While she was on the phone, the dear woman from our hotel called back. When I answered, she explained that she had just gotten to her shift, so she was unaware of what had been turned in that day until now. Despite her positive tone, I restrained my hope until I heard the three greatest words of 2015: It’s been found!
I immediately choked up and handed the phone to Tori who explained that I was suddenly crying tears of joy and that we’d be down to get it right away. A few (long) minutes later, my necklace was handed over to me in the lobby. She told me it was found on the lobby floor and turned in by a stranger. I can assure you that the uncontainable joy in my heart and the cheesy smile on my face in that moment would rival that of a winning Vegas gambler any day!
Jesus knows a thing or two about the joy of finding lost things. As I was on my hands and knees in the bathroom, searching recklessly, I thought of the woman in Luke 15 who lost one coin, and she looked in every corner of the house and swept every nook and cranny until she found it (verse 8). Then, when she found it, she called all her friends to celebrate with her for finding this one lost coin which she treasured.
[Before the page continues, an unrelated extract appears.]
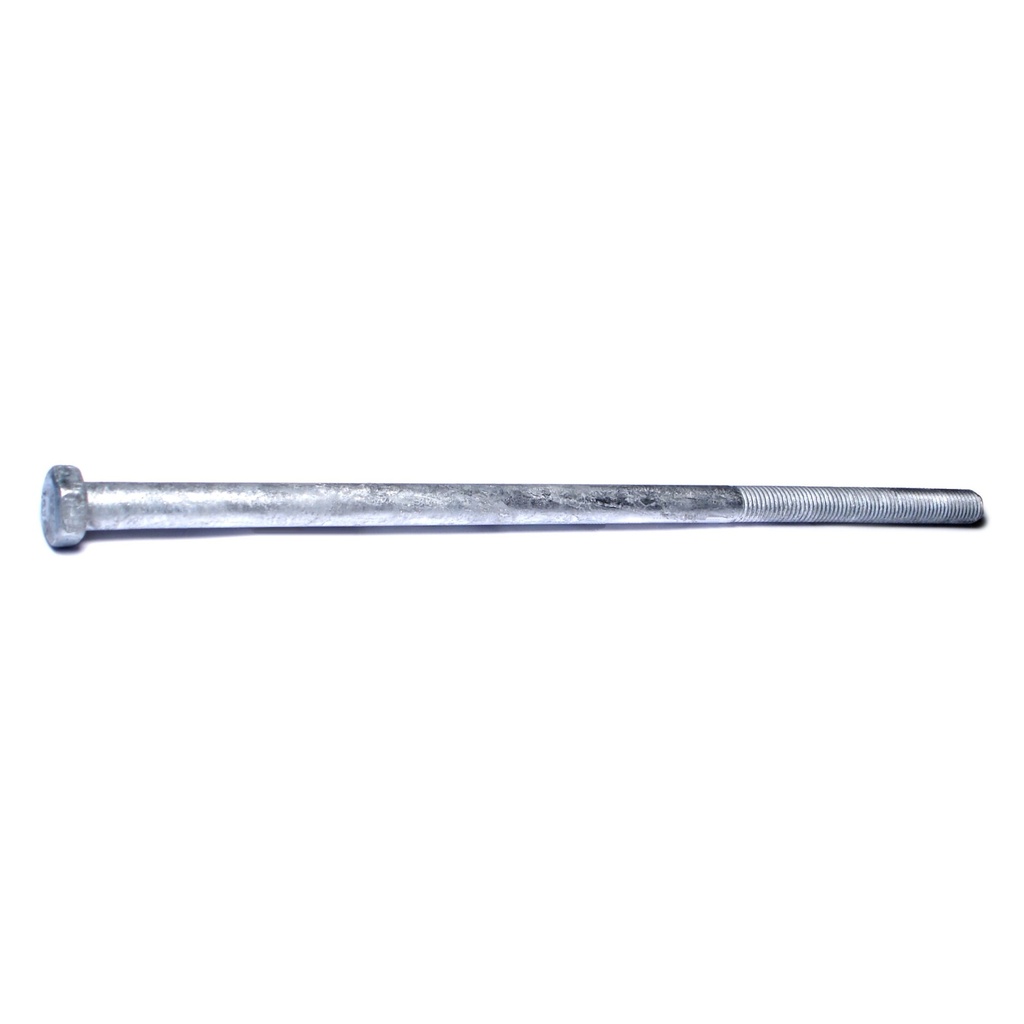 5/8-11 x 16 Hex Bolt HDG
Jesus gets it. He knows how hard we look for the things we love that are lost; He knows of the heartache we feel when we can’t find the things we value. He wants us to know He really gets it because He told three parables right in a row about a lost sheep, a lost coin, and a lost son (see Luke 15:1-32). But as I’ve refreshed my mind and heart with these parables, I remember once again why He told them.
Jesus was talking about lost people. He was comparing the joy I felt in finding my necklace to the joy all of Heaven feels when one lost person returns to God. I would imagine it, too, rivals the joy and smiles of the winners here in Vegas!
“Or suppose a woman has ten valuable silver coins and loses one. Won’t she light a lamp and look in every corner of the house and sweep every nook and cranny until she finds it? And when she finds it, she will call in her friends and neighbors to rejoice with her because she has found her lost coin. In the same way, there is joy in Heaven when ever one sinner repents.” (Luke 15:8-10)
What a picture I now have of Jesus’s active love for recovering those who are currently lost or who have always been lost.
Of the worth He places on the unworthy, making us priceless.
Of the sadness He feels regarding those He loves that are lost.
Of Jesus’s never-ending, never-giving-up search of every grimy, gum-stained nook and cranny of the world, looking for whoever wants to be rescued by Him.
Of His uncontainable joy and celebration when He uncovers just one who will repent.
Of Jesus’s big, cheesy smile when He receives one of us who are lost and once again holds us close to His heart.